Italian Train Explosion

Download PDFDownload PDFBy ThinkReliability Staff

On the evening of June 29, a train carrying liquefied natural gas derailed and exploded in the town of Viareggio, in western Italy.  Search and rescue operations are still ongoing, and the cause for the derailment is not yet known.  Although that means we are lacking some information, we can still begin our root cause analysis investigation, in the form of a Cause Map.  A thorough root cause analysis built as a Cause Map can capture all of the causes in a simple, intuitive format that fits on one page.

The benefit to beginning a root cause analysis investigation before all the information is known is to provide a framework for the investigation to build on.  People find it much easier to comment on a partially finished Cause Map than to piece together the investigation from scratch.
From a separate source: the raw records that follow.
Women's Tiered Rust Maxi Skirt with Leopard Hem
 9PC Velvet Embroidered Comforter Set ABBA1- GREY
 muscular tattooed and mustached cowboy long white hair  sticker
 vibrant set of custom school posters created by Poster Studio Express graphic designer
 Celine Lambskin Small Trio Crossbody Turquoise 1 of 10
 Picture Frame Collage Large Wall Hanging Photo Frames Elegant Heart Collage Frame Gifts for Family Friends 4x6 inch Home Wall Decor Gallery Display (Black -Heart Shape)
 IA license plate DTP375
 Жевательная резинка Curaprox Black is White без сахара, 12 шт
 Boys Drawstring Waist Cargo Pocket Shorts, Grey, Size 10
A root cause analysis template is available for download from the Think Reliability web page to assistant with the investigation.  The first step is to fill out the outline.  Don’t leave any blanks in the outline; if you don’t know something, put a question mark.  The first line is the ‘what’ or the problem.  Rather than spending time debating what ‘the problem’ is, we can put a number of things.  For example, the problem here could be defined as a gas leak, an explosion, and a train derailment.  We put all these things on the problem line.  The rest of the information is known, though we may add more detail later, except for differences.  Differences can be key to an investigation.  For example, if you have a process that works for 30 straight sunny days, then fails the day it rains, it is worth looking into the impact of the rain on the process.  Here, no differences are immediately coming to mind, so we’ll put a question mark in this blank.

Once we’ve defined the problem, we can define the problem with respect to the impact to the goals.  We don’t know how many people, overall, were killed or injured, but we can just put “at least” to show that the numbers aren’t exact.  We know that the environmental goal was impacted, because of the gas leak, the community goal was impacted because of the required evacuation, and the material/labor goal was impacted because of the collapsed houses, and the damage to the train.

Now we begin the analysis.  We begin with the impacted goals and ask “why” questions, moving to the right.  When we can’t answer the “why” question, we can use a question mark, or put some possibilities (theories) that have been presented.  For example, we’re not yet sure why the train derailed.  Some of the possibilities that have been presented are damage to the tracks, a problem with the braking system, or malfunctioning wagon locks.  The Cause Map (so far) is shown in the downloadable PDF (to download, click “Download PDF” above.)  As you can see, there is a lot of information present, even though we don’t know all of what happened yet.

As more information is available, we can update the Cause Map.  As with any root cause analysis, the level of detail in the analysis is based on the impact of the incident on the organization’s overall goals.